"The outcome is victory for democracy. There is no absolute right and absolute truth except God. And in any argument or debate, there is bound to be an element of right and wrong or truth and untruth on either side. And we must respect each other no matter the human verdict and human foibles. Respect, of course, begets respect."
- President Olusegun Obasanjo
Millions of Nigerians both home and in the diaspora were pumping their fists in jubilation at the convincing thumping of the third term project at both the upper and lower houses of parliament during the week.
Politicans, sycophants and political jobbers alike all claimed the defeat of the TTA as a "victory for democracy." Even President Obasanjo appeared "graceful in defeat" as he told an emergency National Executive Committee (NEC) of the Peoples Democratic Party (PDP) in Abuja; "as a political party,
we should accept the verdict of the National Assembly even though the two chambers concluded differently.
The constitution must be held hallowed and sacred. And on the basis of the constitution in hand, we must start to plan for the next elections.” The President also claimed that he, against popular belief,
insisted that he resisted being drawn into either side of the debacle. The truth is the defeat of TTA is not a victory for Nigerians but more proof that Nigeria's political system is really not about them but about the scramble for her enormous oil wealth by a corrupt minority. In a society where votes matter, the third term madness would not have mattered because without the peoples mandate, no one would be talking about rewriting the constitution.

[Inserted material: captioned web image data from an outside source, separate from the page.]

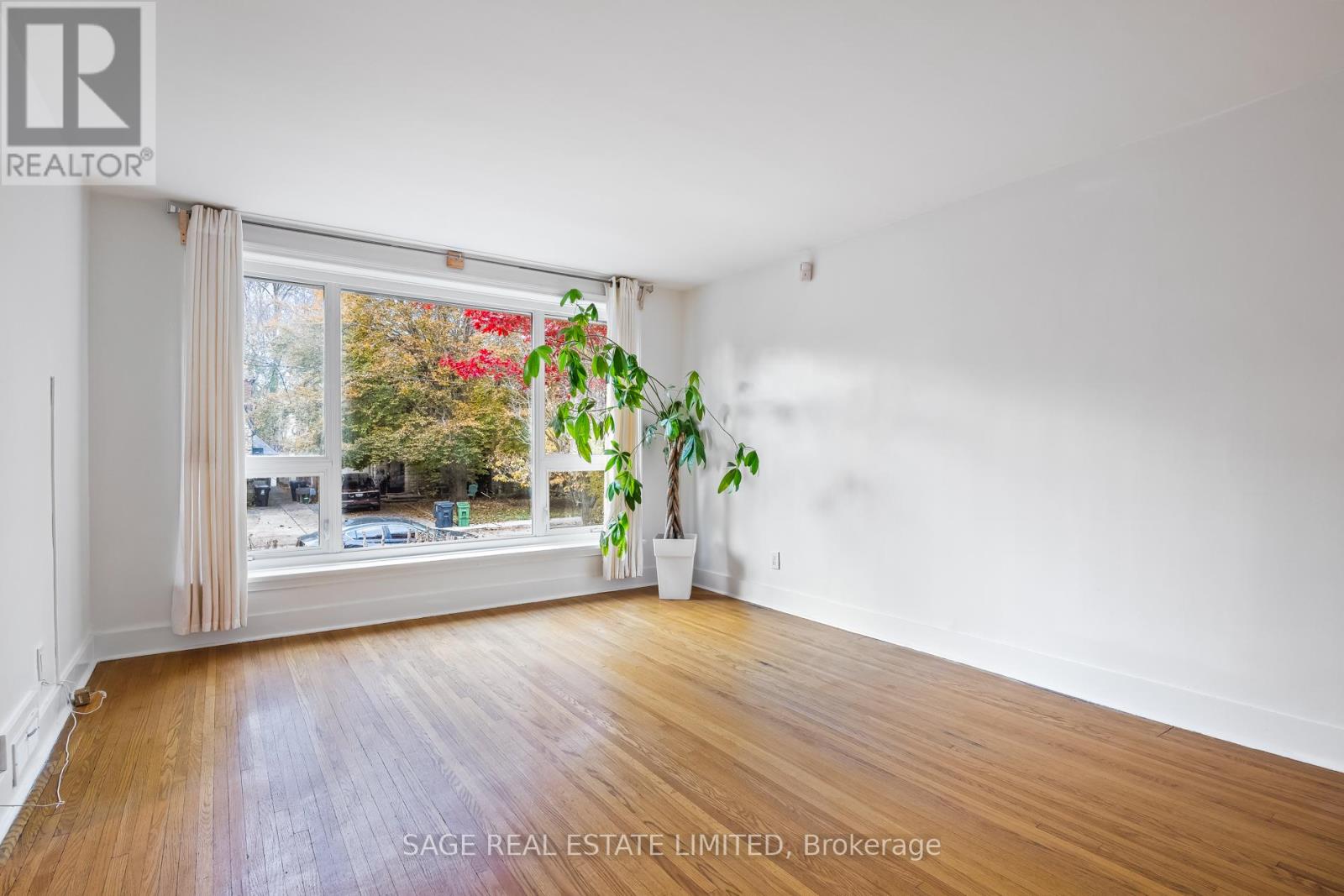 27 Peveril Hill N, Toronto, Ontario  M6C 3A9 - Photo 13 - C12560240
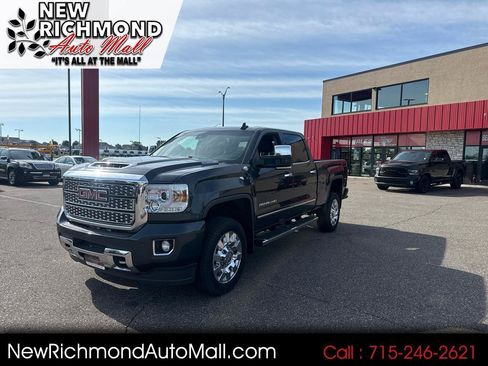 Used 2018 GMC Sierra 2500 Denali w/ Duramax Plus Package AWD/4WD image 1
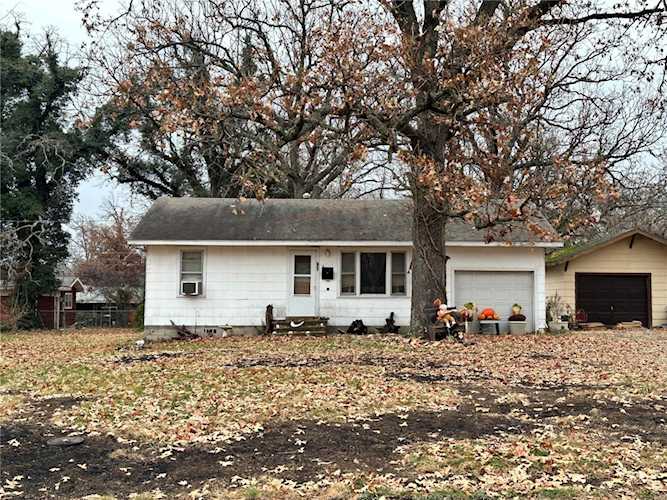 740 Bennett St Lebanon, MO 65536 | MLS 23068561 Photo 1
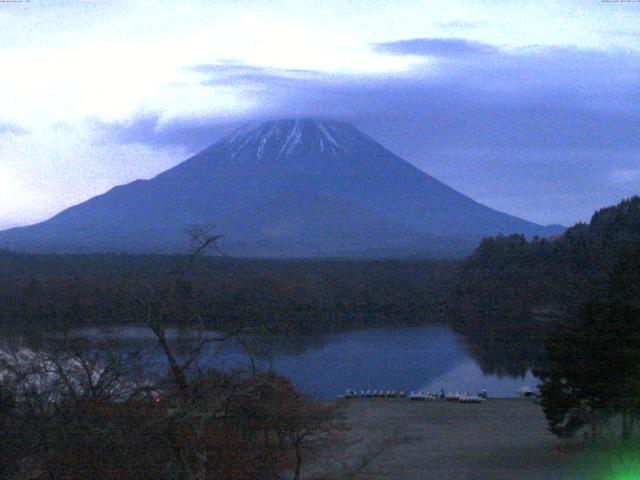 精進湖からの富士山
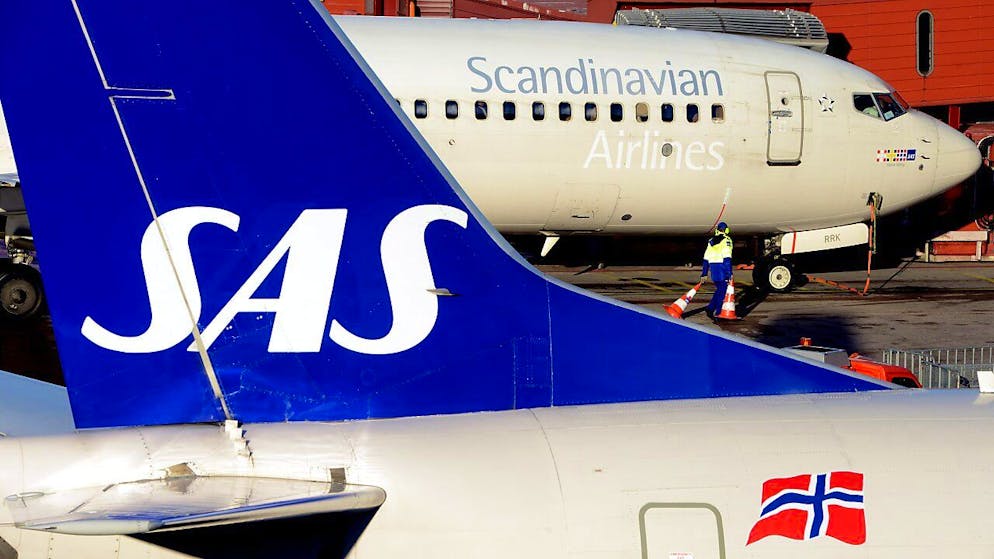 La compagnie aérienne scandinave SAS doit annuler une dizaine de vols mercredi au départ de Stockholm, après une trentaine la veille dans le monde, en raison notamment de l'absence de salariés affectés par le Covid-19 ou des recommandations sanitaires. (archives)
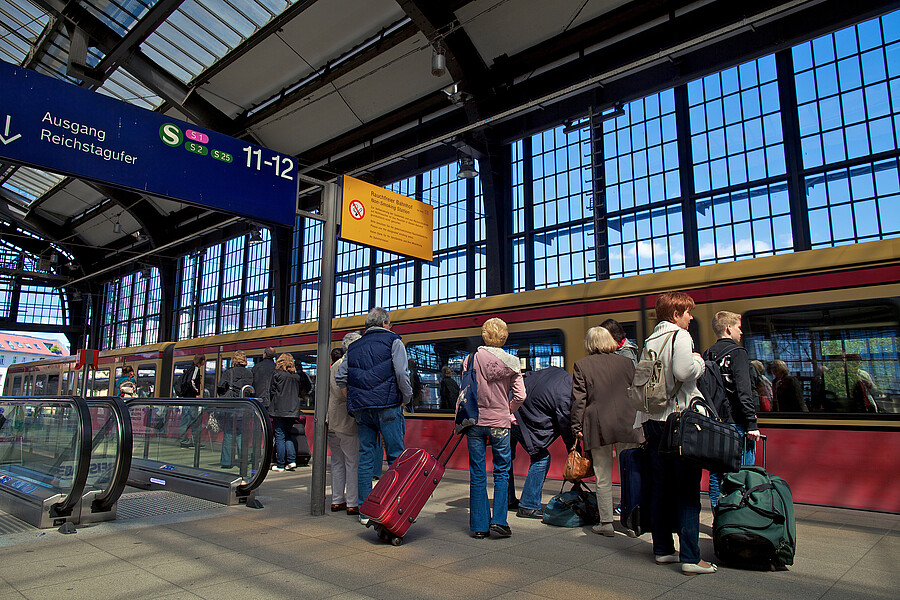 Bahnsteig S-Bahnhof Friedrichstrasse mit Fahrgästen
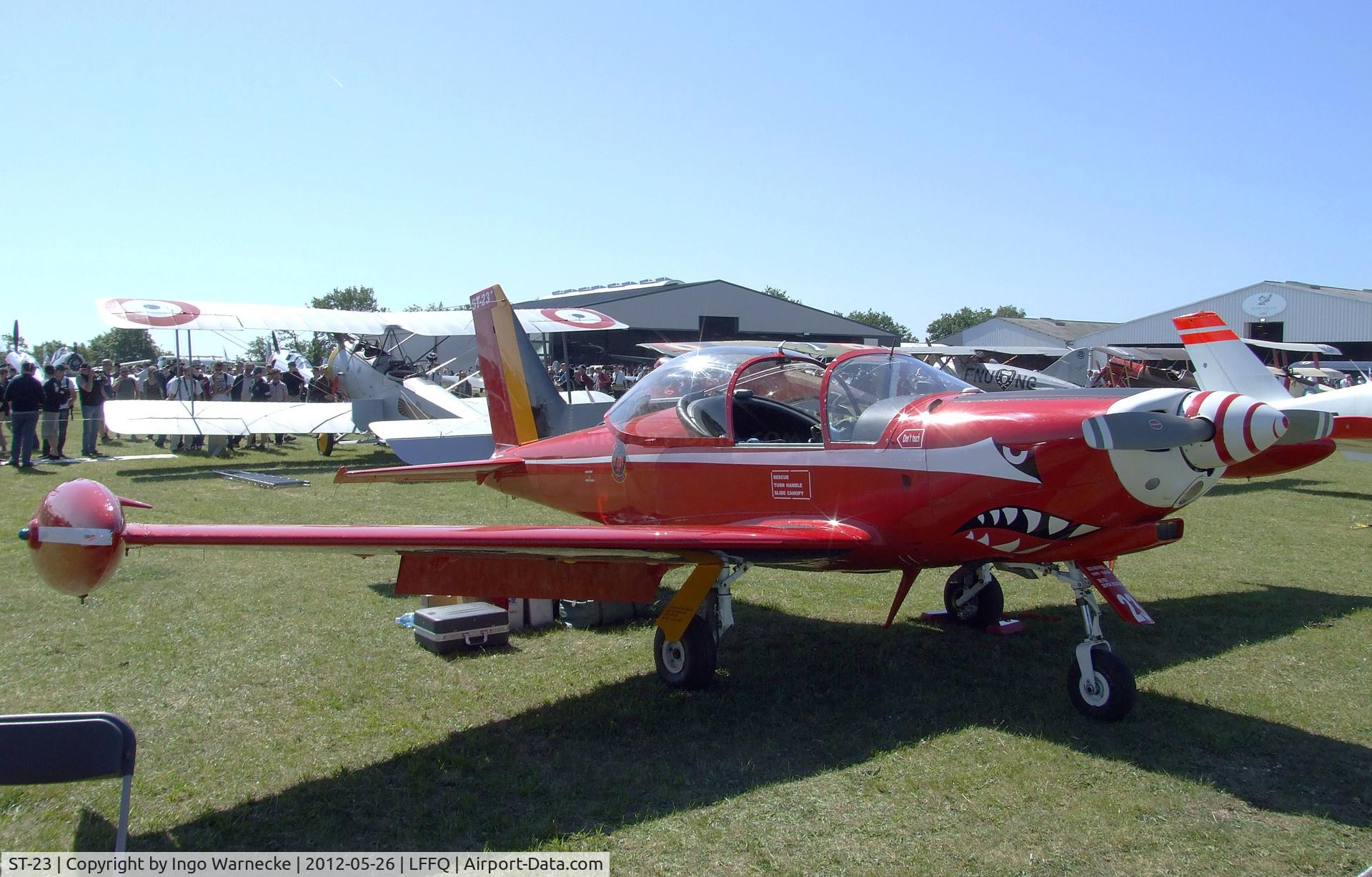 ST-23, SIAI-Marchetti SF-260M C/N 10-23, SIAI-Marchetti SF.260M of the 'Diables Rouges / Red Devils' aerobatic team of the Belgian Air Force at the Meeting Aerien 2012, La-Ferte-Alais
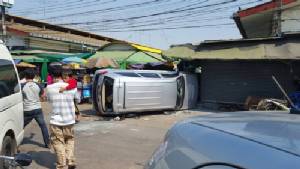 เสนอ 4 แผนแก้ปัญหาสินค้าละเมิดลิขสิทธิ์ตลาดโรงเกลือ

The likes of Mantu would not have so shamelessly backed the TTA if they knew they had to depend on the peoples votes to retain their exalted offices in 2007. Indeed most of our (s)elected legislators know that we did not vote for them. Those we voted for are not in office today, some were rigged out and the rest sold their mandates for a mess of pottage.
How could the PDP have doggedly ordered those that were elected to represent us to support the TTA with more than 80% of ordinary Nigerians not in support? In other climes that singular act would have condemned them to several years in the political wilderness, but not in Nigeria. In fact if the TTA had sailed through, not only would the PDP have won the 2007 elections it would have done so by a ludicrous landslide.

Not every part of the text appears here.